Zulip Chat Archive

Stream: mathlib4

Topic: Frustrating debugging problem


Kevin Buzzard (May 07 2025 at 17:09):

I'm no computer scientist -- does anyone have any hints about how to proceed with the problem I describe below?

I want to analyse PR #24003 . It causes minor slowdowns but I think it's a step in the right direction and I would be prepared to take these slowdowns on the chin and merge (these files are fast anyway). But I would at least like to understand what the slowdowns are, because they might just be something dumb which is easily fixable.

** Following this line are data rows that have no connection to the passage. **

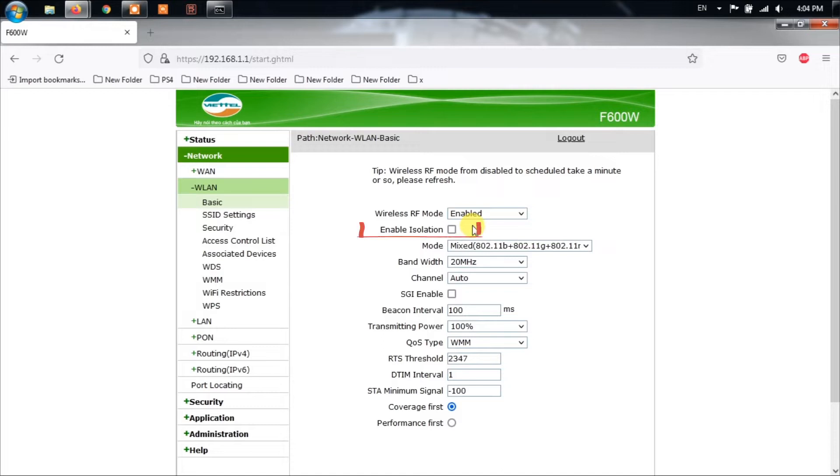In some cases, it might be written as AP Mode or Wireless Isolation, Station Isolation, or Client Isolation instead of AP Isolation.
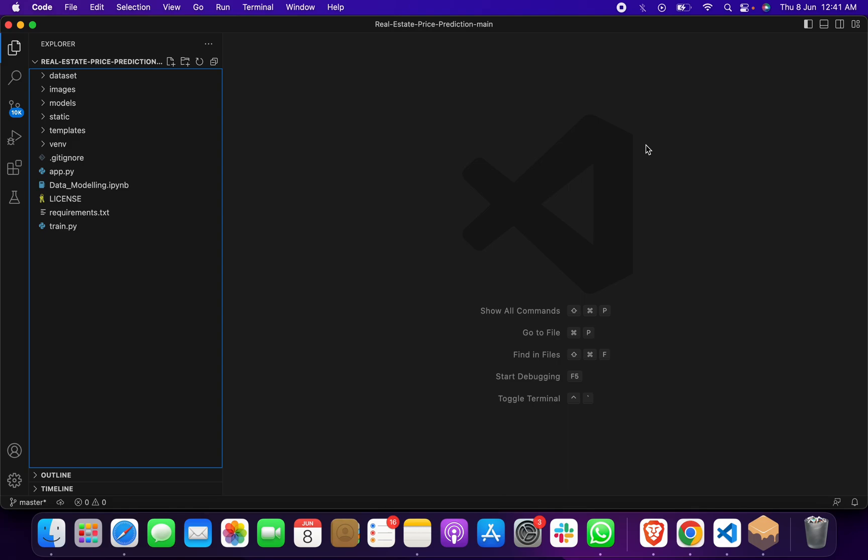This is a machine learning-based full stack project - you can call it a web application or machine learning full stack project. For this project, we've used HTML and CSS for the front end.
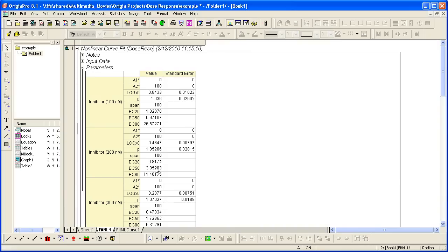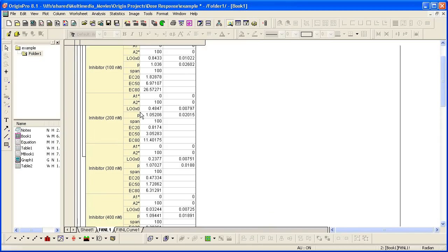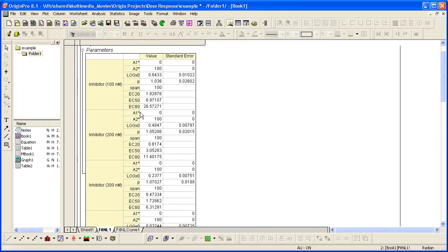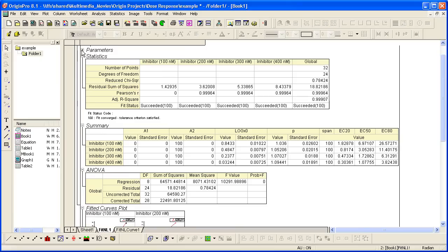Since there are eight parameters, including the derived parameters, it's easier if I scroll down here. We can actually collapse this table and look at the summary table. This table organizes all the parameter values horizontally. So it can be used to compare critical results such as EC50 and EC80.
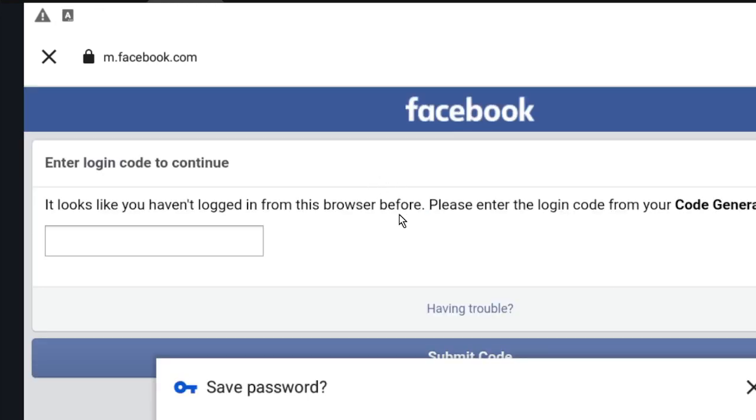And wait a moment. Okay, now put the code that Facebook sent to your phone.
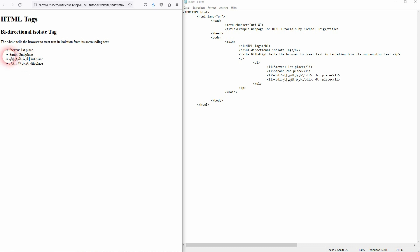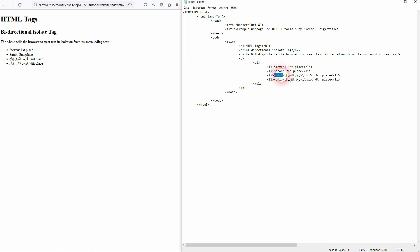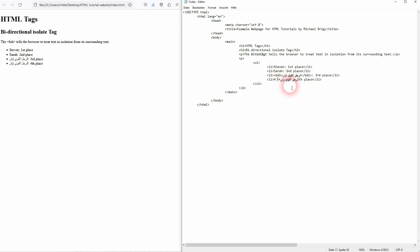And this is why we have to add this BDI tag. Otherwise it's going to screw up your code. Let me show you if I get rid of it for the fourth place. Now everything is screwed up and it jumps to this different reading direction.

The file with the most instructions added to it by the changes in the PR is Mathlib.Analysis.Analytic.Basic which is +46*10^9 instructions, an increase of 17%. This file is 1400 lines long and was not touched by the PR. The 17% increase does not seem like noise, the PR has been benchmarked several times against two different commits of master and always comes out slower. So the big question is: what exactly is slower? Is every declaration a bit slower, or is it just two declarations which are 20 times slower?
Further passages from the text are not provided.